*What to produce*. Make an exact copy of the lines from the top of the entries below through the line with "kitchen featuring stainless". Leave all pictures out.

Image-text web data
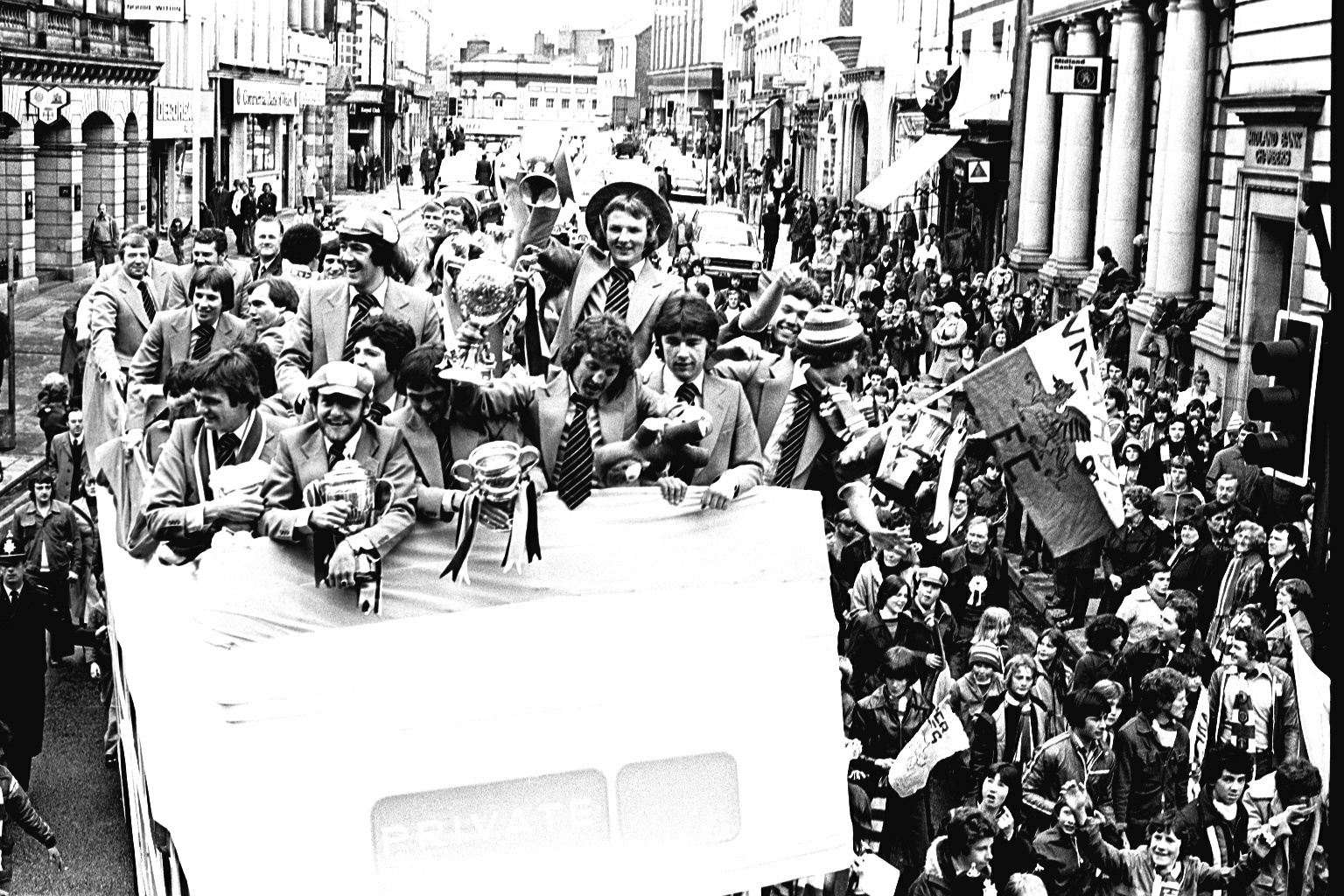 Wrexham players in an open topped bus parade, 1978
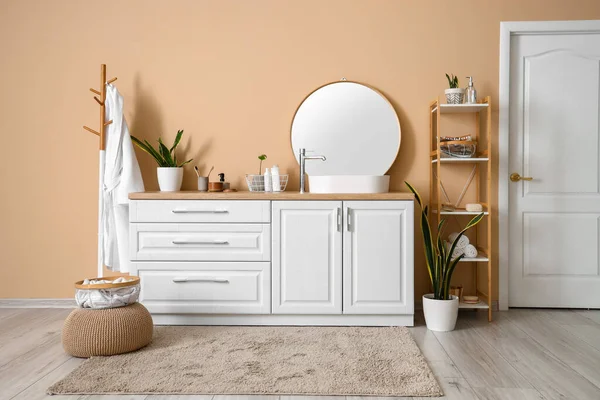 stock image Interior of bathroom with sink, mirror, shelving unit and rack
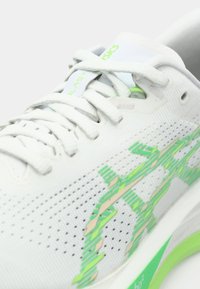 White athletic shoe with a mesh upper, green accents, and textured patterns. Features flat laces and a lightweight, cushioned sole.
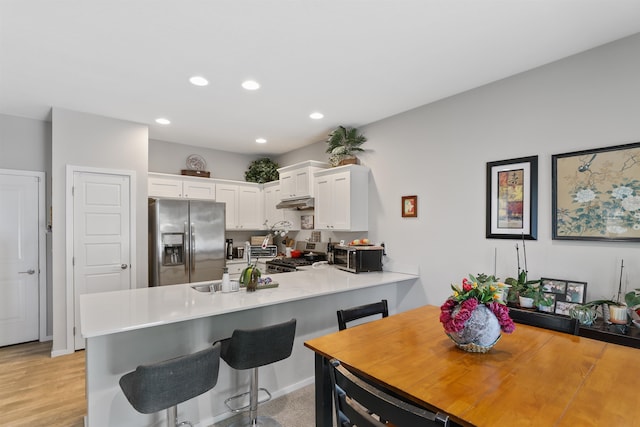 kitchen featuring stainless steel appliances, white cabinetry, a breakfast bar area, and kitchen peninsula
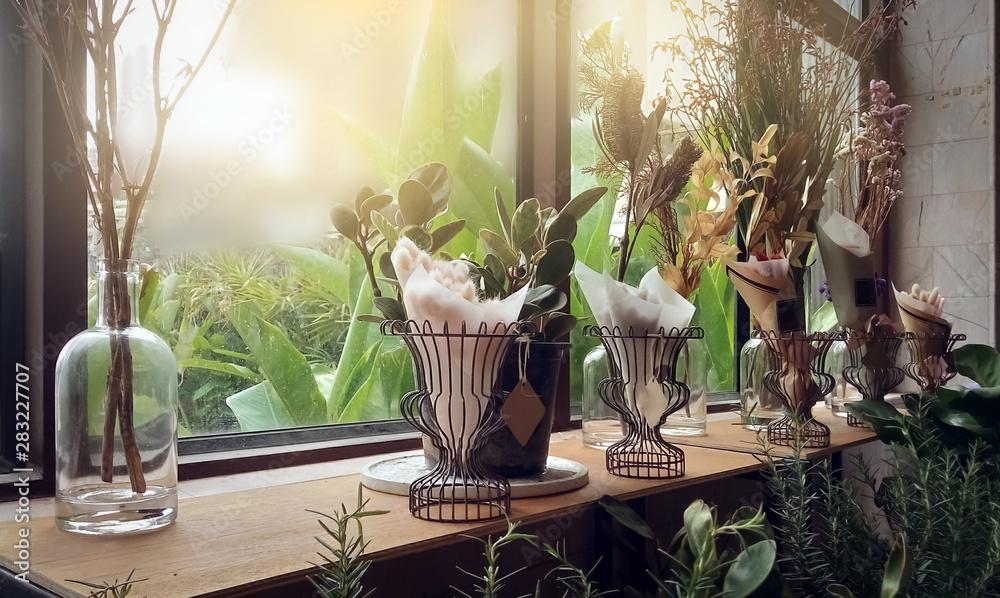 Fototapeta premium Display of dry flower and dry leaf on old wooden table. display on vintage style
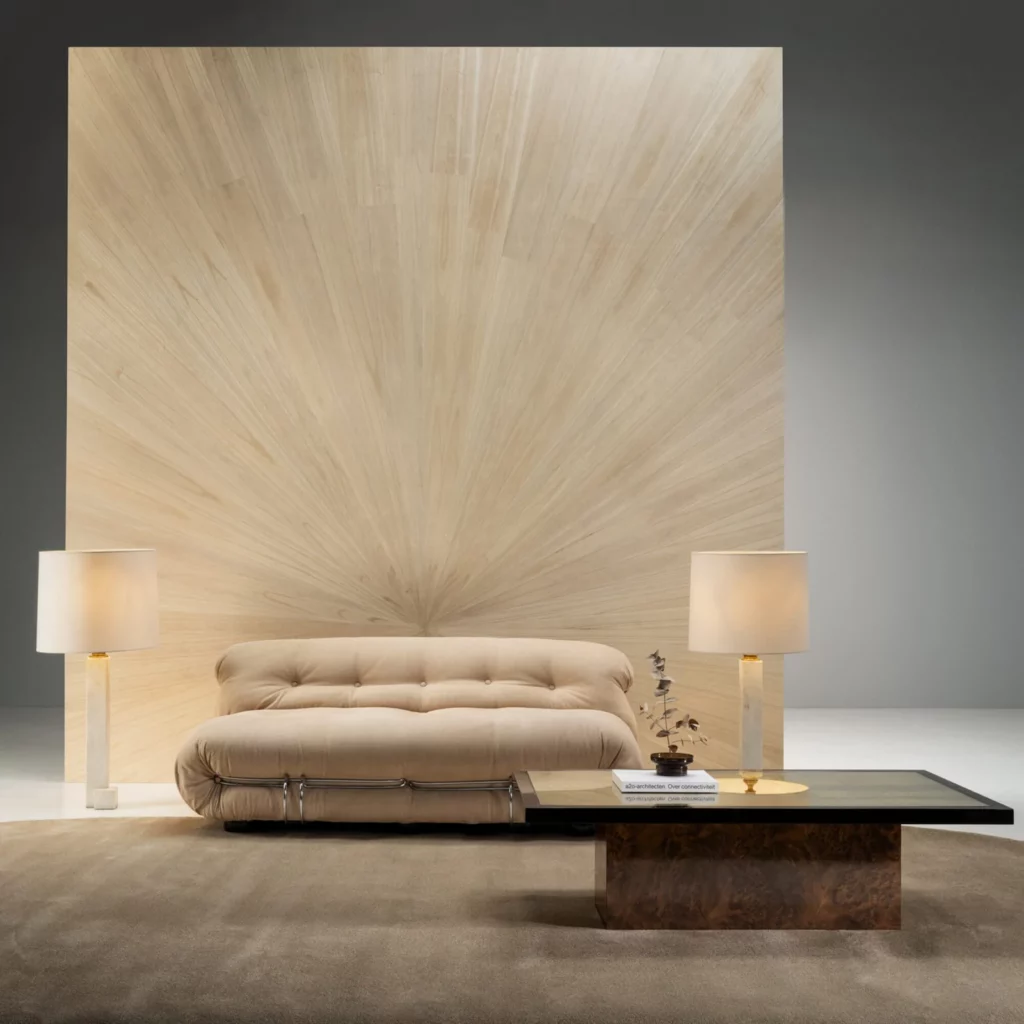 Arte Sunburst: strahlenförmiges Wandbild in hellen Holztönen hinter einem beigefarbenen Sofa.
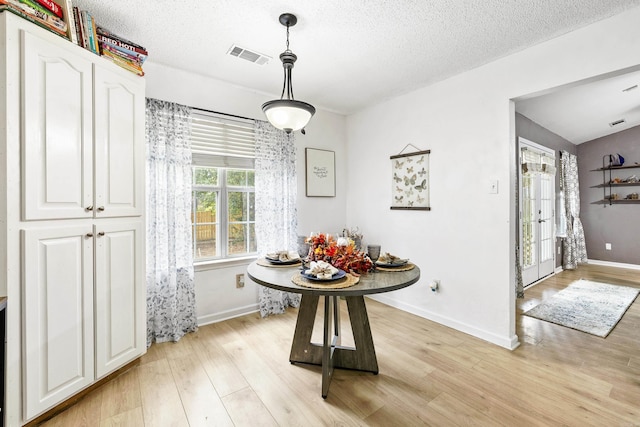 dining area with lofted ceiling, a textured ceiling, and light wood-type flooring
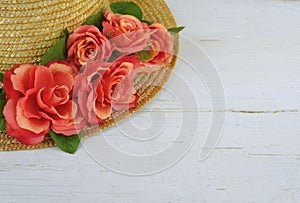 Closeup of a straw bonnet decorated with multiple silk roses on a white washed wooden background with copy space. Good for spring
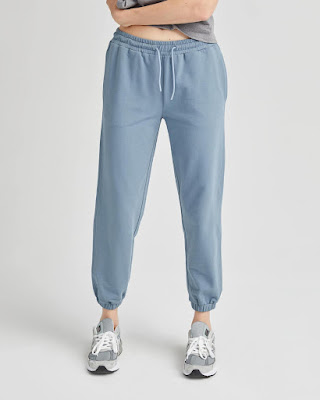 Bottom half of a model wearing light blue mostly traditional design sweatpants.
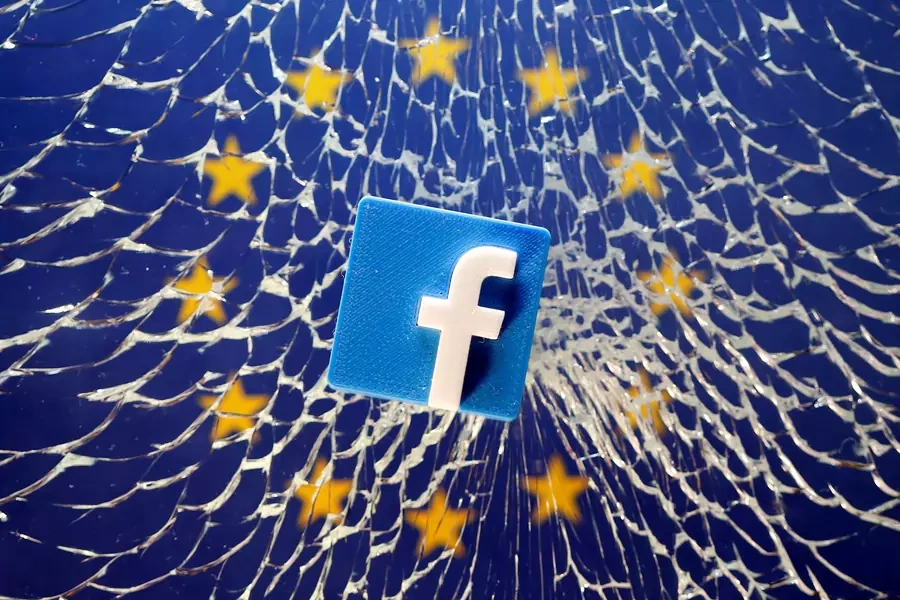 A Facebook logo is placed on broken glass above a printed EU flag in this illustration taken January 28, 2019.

*Answer to this problem*.
 Wrexham players in an open topped bus parade, 1978
 stock image Interior of bathroom with sink, mirror, shelving unit and rack
 White athletic shoe with a mesh upper, green accents, and textured patterns. Features flat laces and a lightweight, cushioned sole.
 kitchen featuring stainless steel appliances, white cabinetry, a breakfast bar area, and kitchen peninsula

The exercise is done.